Since 2005, Torvinen has worked as an archaeologist on projects in West Mexico and the U.S. Southwest, as well as Illinois and Iceland. She specializes in using pottery to study the social identity and community resilience of past societies and is eager to begin researching sites in the Southeast with her new appointment at the Florida Museum.
Pottery is a natural vehicle for answering the theoretical questions Torvinen is interested in, such as how people identify with and learn from one another.
“There are two main ways we identify socially,” Torvinen said. “One is our social networks, like who we engage with on a regular basis. And then there are larger social categories, like where we work, that we can identify with. Those are all things that are captured in pottery.”
Typically, Torvinen said, people start out making pots with the techniques they are taught as apprentices, which archaeologists can observe in the paste recipes or forming methods used. Over time, however, potters can be influenced by different social or economic factors that result in different shapes or decorative styles, while raw materials and construction techniques stay the same. Changes like these could indicate shifts in the person’s social identity during their life.
In modern times, clothing and accessories play a similar role in social identification. “If I had an Arizona State sticker, you would assume I’m a Sun Devil or at least a fan,” Torvinen said. “It’s the symbology we use to mark ourselves.”
Torvinen received her bachelor’s degrees in anthropology and geology from Albion College in Michigan.

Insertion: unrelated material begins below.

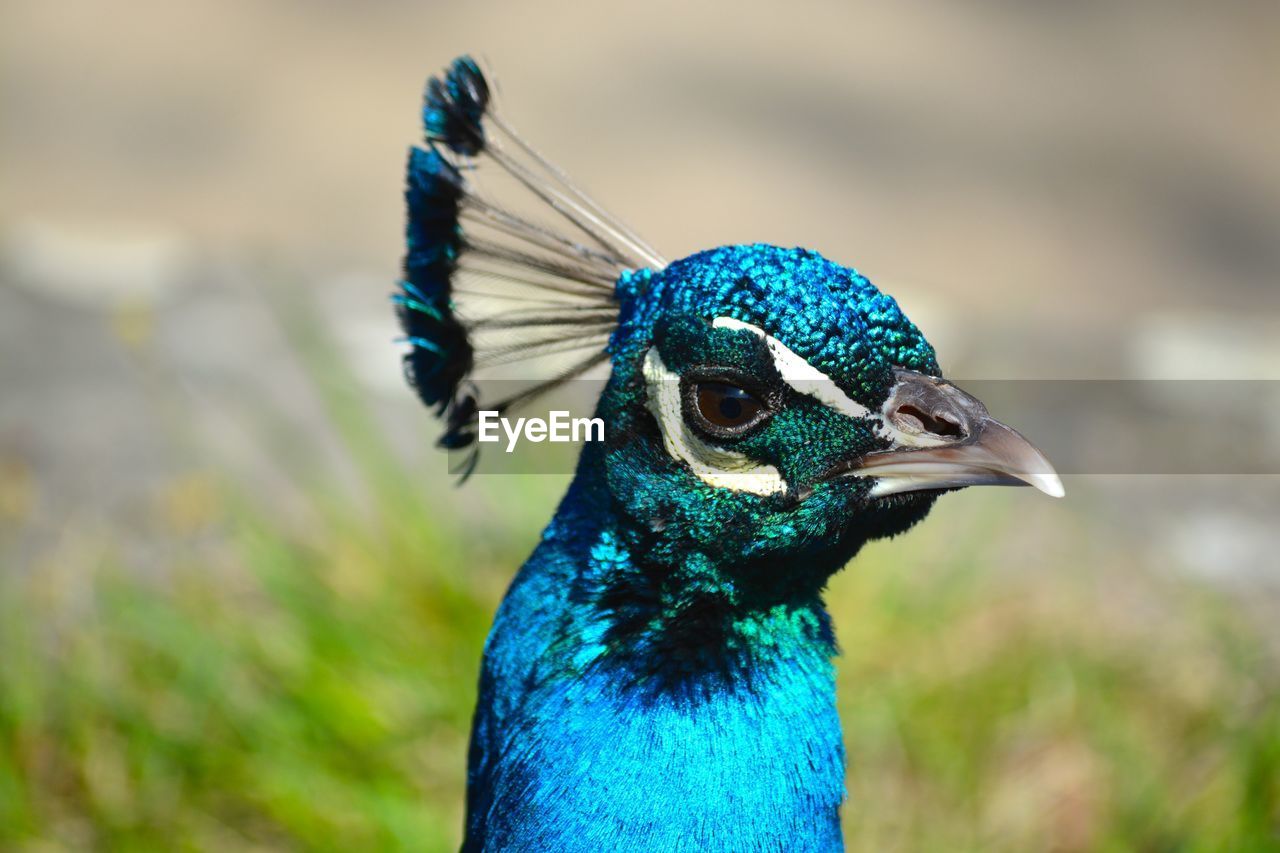 Close-up of alert peacock looking away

Her interest in past civilizations began in childhood, when she watched Indiana Jones and visited archaeological sites in the Yucatán Peninsula during family vacations. “It was fascinating to be walking around where people a couple hundred years ago were living a completely different sort of life,” she said.
During her doctoral program at Arizona State University, she worked on the La Quemada archaeological site in Zacatecas, Mexico — a dynamic and understudied settlement from Mesoamerica’s epiclassic period (600-900 C.E.). Other sites in the area carried on through the postclassic period (900-1200 C.E.) and beyond. La Quemada, however, faded surprisingly early.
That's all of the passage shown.